FLORESTA E FAVELA
SÃO PALAVRAS RIVAIS?

Mareenses lutam contra as mudanças climáticas debatidas na COP 26 que afetam o conjunto de favelas e o mundo.

“Onde existe muita floresta existe muita pobreza”, disse o ministro do Meio Ambiente Joaquim Leite, na COP26, um dos eventos mais importantes para o debate mundial de questões ambientais e climáticas. Essa frase põe em xeque toda a discussão relacionada à justiça ambiental e climática – da Maré ao mundo. 

Mas antes de explicar por que essa frase não cola, deixa eu te contar o que é a COP26. Chamada comumente de “COP”, a Conferência das Partes é um evento da Organização das Nações Unidas que anualmente reúne representantes de todos os países para discutir questões importantes relacionadas ao meio ambiente e ao clima. Neste ano ocorreu a vigésima sexta edição da COP, por isso COP26. 

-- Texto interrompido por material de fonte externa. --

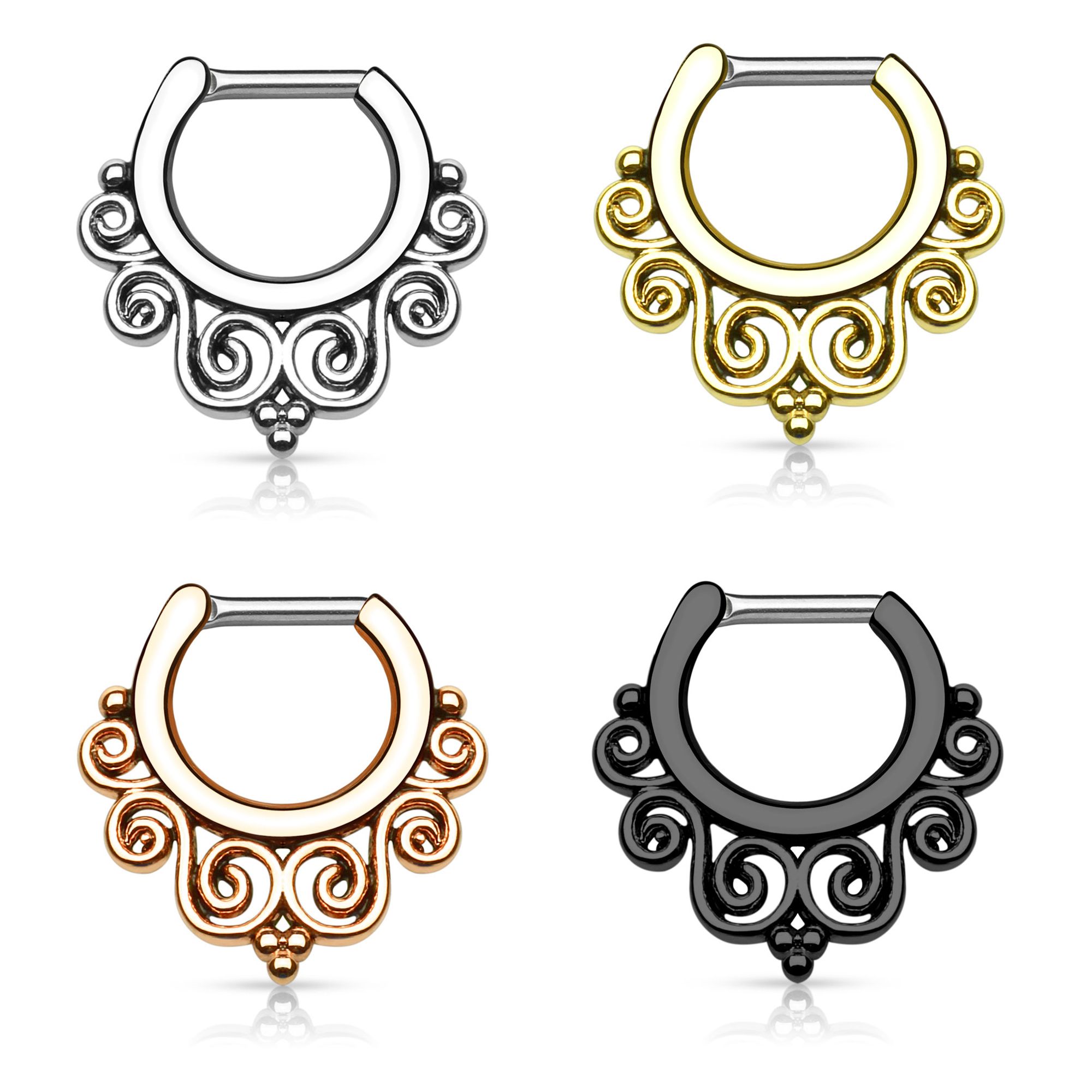 Septumpiercing mit verschnörkelten Design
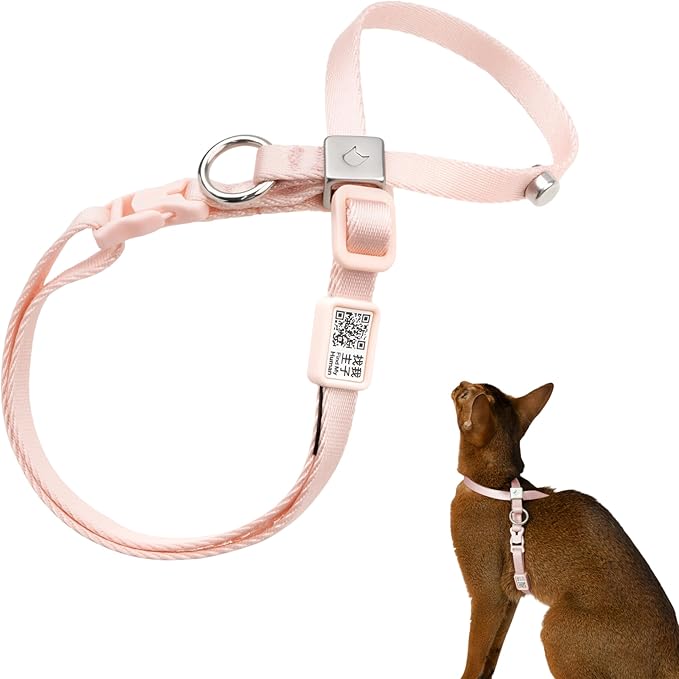 BuddyArmor Escape Proof Cat Harness Anti-Choke Quick Release Adjustable QR Code Soft Nylon Durable Lightweight Figure 8 Cat Harness Anti Escape for Kitten Small Medium Large Cats (Blush Pink, M)
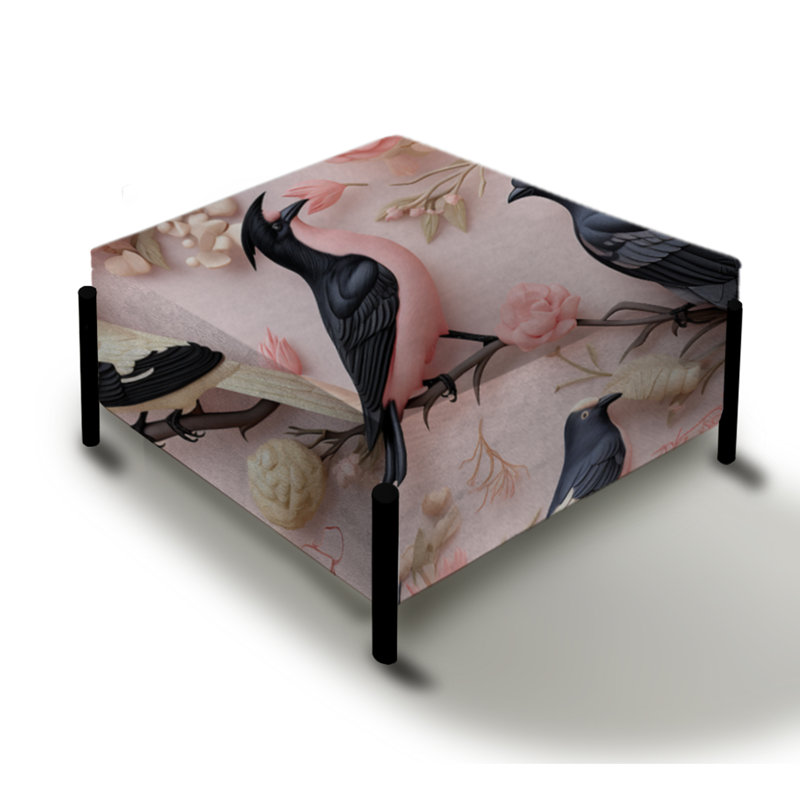Bird Cameo Portraits Victorian Pattern - Animal Print Large Square Ottoman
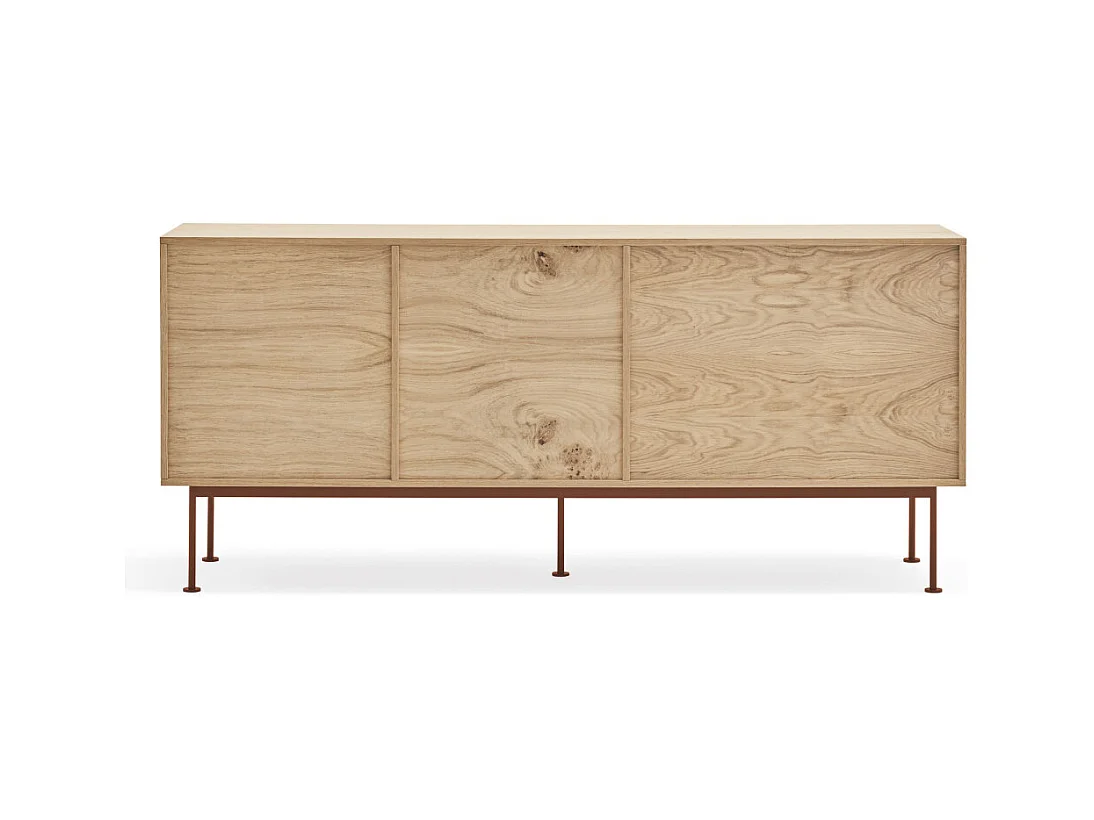 Yoko - Buffet 2 portes 3 tiroirs en bois L180cm : Couleur - Rouge brique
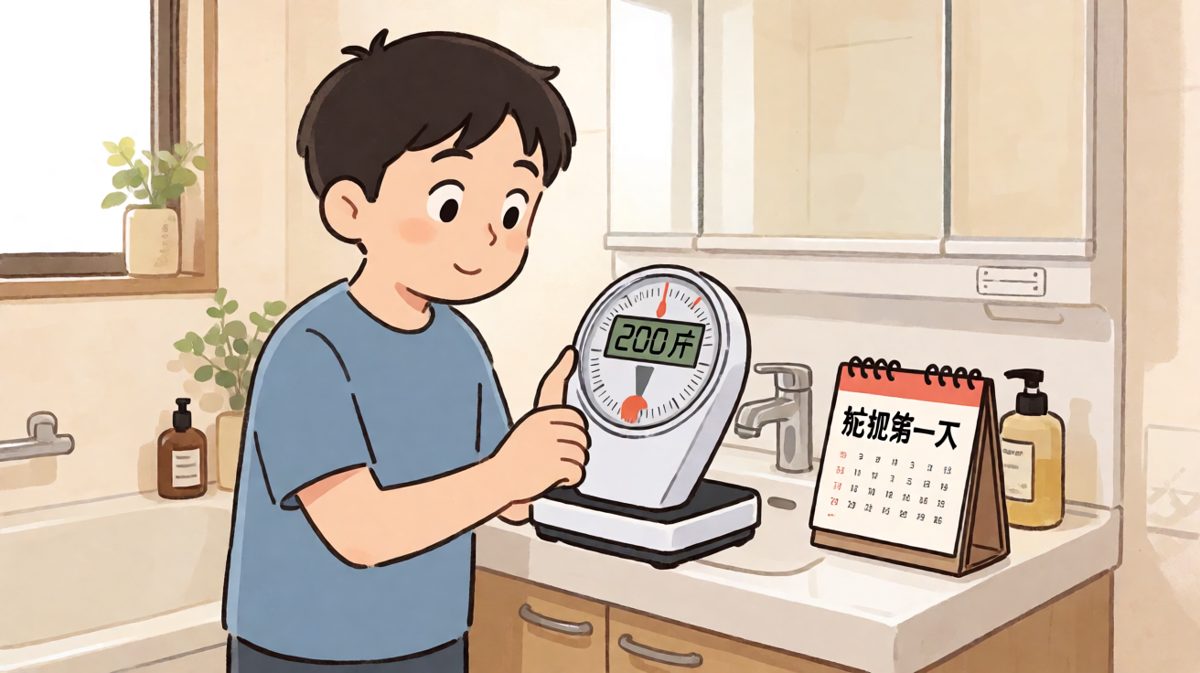 看到体重秤上的数字，他彻底破防了。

Na contramão da fala do ministro, percebe-se que as florestas – e espaços verdes, no geral – estão presentes majoritariamente nas partes mais nobres das cidades. Basta ver que os bairros mais arborizados do Rio de Janeiro são o Alto da Boa Vista e São Conrado. A Maré, o maior conjunto de favelas da capital fluminense, é um exemplo de como a lógica do ministro não se aplica: uma das faces da pobreza está justamente ligada à falta de espaços verdes.

Mudanças Climáticas afetam a Maré?

Ecologia não é coisa de rico. O debate sobre questões climáticas frequentemente é feito em lugares distantes das favelas e periferias, como a Maré, e, por isso, passa a falsa impressão de que é um debate distante e que pouco afeta a vida dos mareenses. Mas na verdade as pessoas que moram nas favelas e periferias serão as primeiras a sofrerem os danos causados pelas mudanças climáticas. 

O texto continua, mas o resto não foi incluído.